What you will do: Retype the line with "Band Music LED Vinyl Record Wall Clock 12''" exactly. Then retype every line after it through the end of the entries below, and nothing more, leaving out pictures.

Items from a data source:
%%

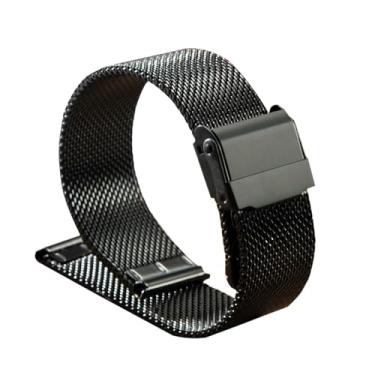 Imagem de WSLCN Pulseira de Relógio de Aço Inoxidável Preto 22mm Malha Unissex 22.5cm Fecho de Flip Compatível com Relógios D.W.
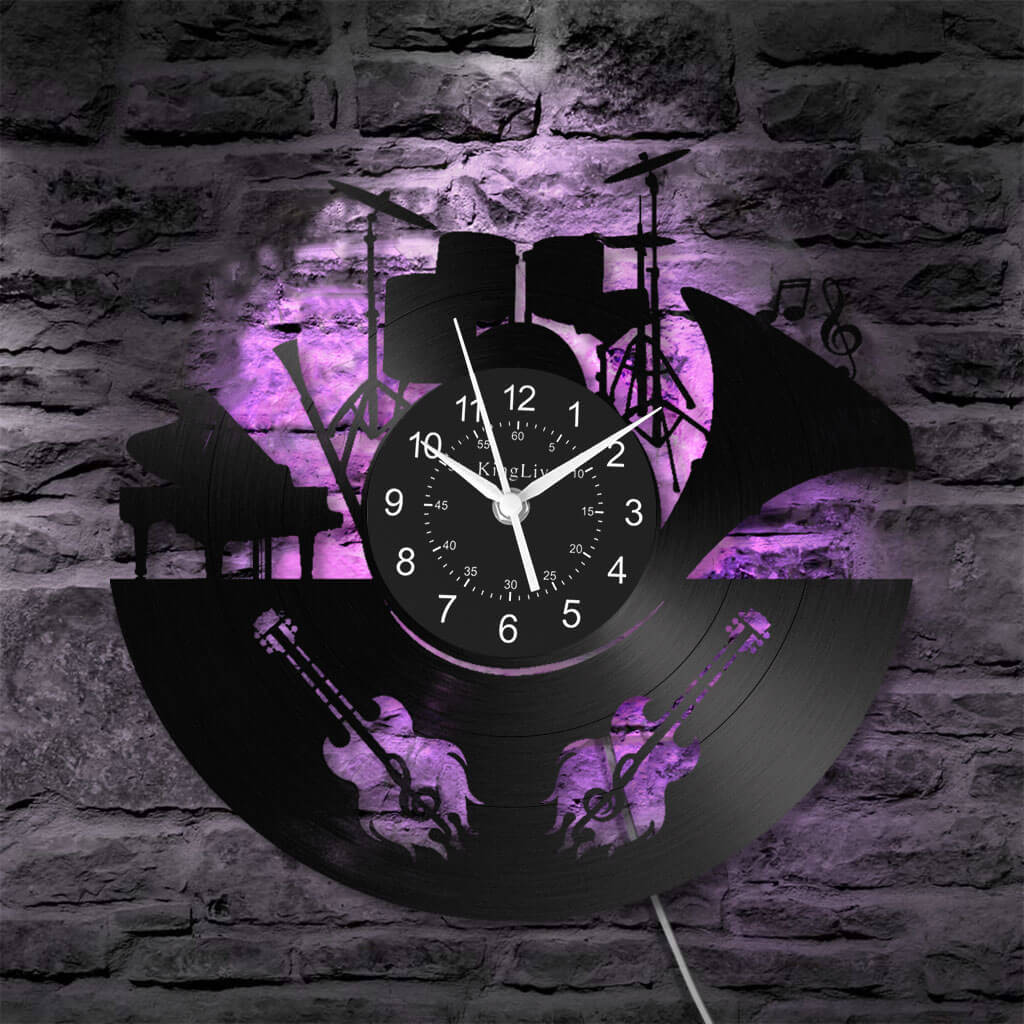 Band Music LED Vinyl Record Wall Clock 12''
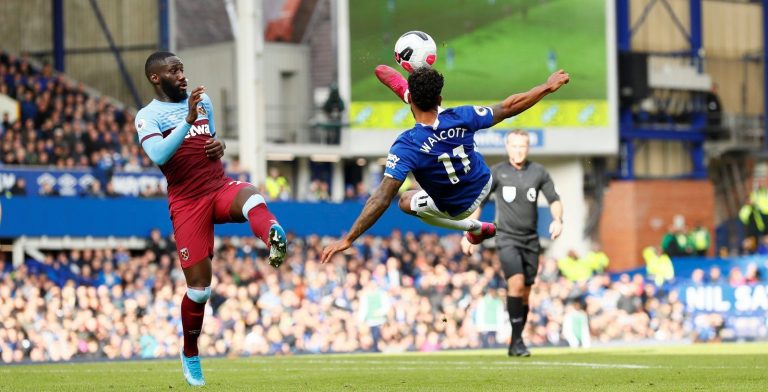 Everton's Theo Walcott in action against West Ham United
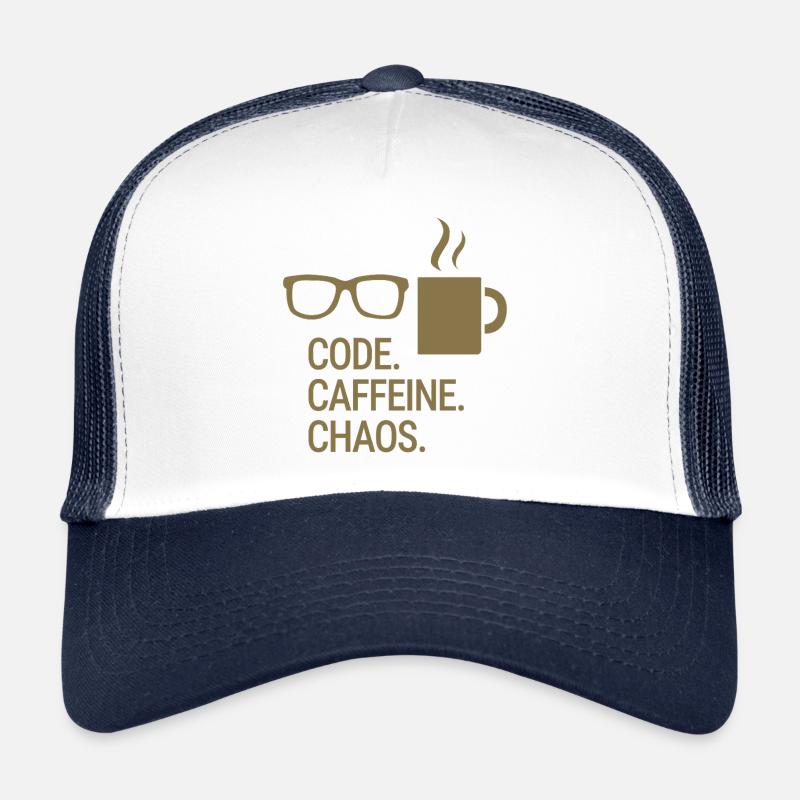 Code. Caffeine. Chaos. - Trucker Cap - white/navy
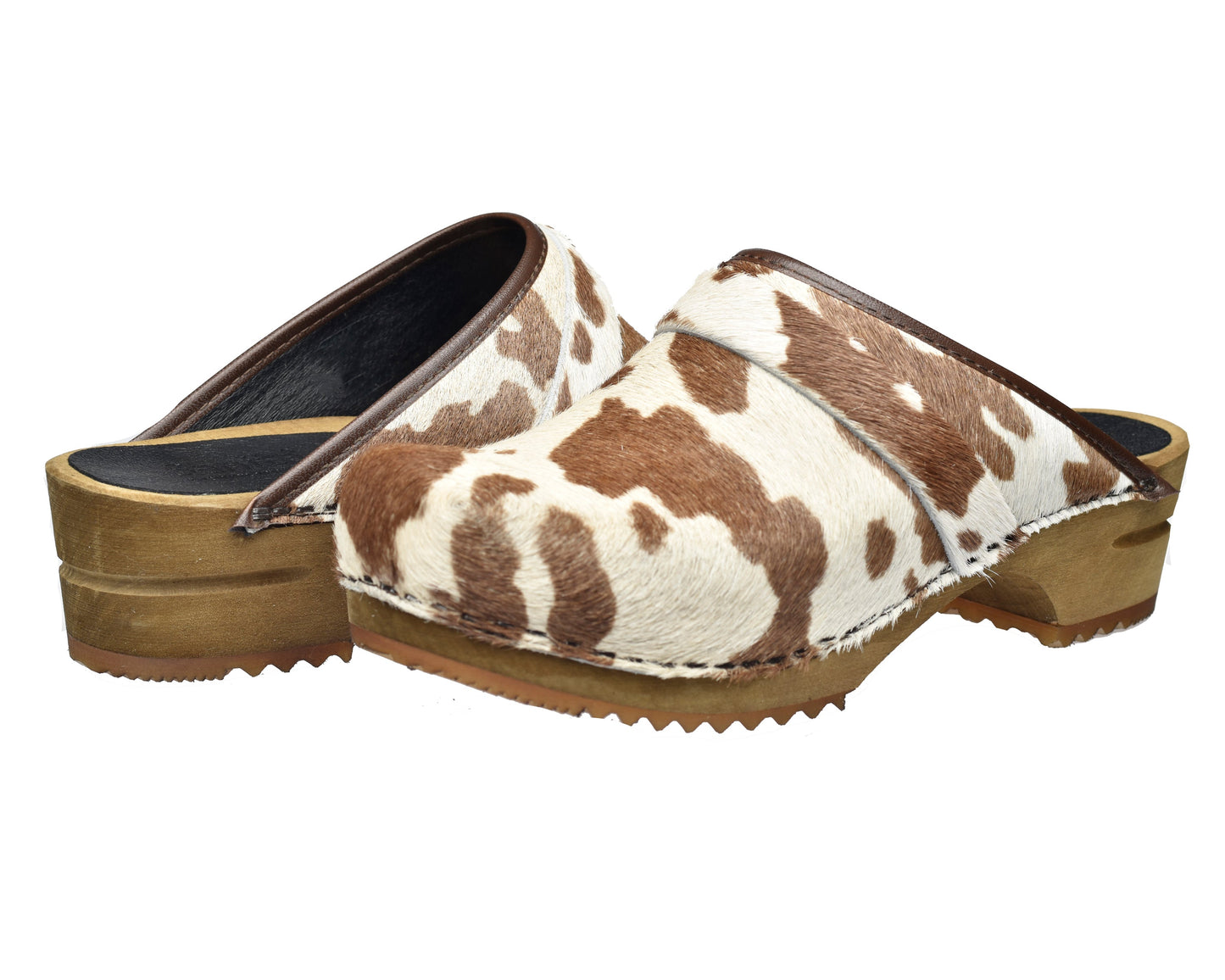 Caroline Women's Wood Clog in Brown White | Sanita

%%

Exercise result:
 Band Music LED Vinyl Record Wall Clock 12''
 Everton's Theo Walcott in action against West Ham United
 Code. Caffeine. Chaos. - Trucker Cap - white/navy
 Caroline Women's Wood Clog in Brown White | Sanita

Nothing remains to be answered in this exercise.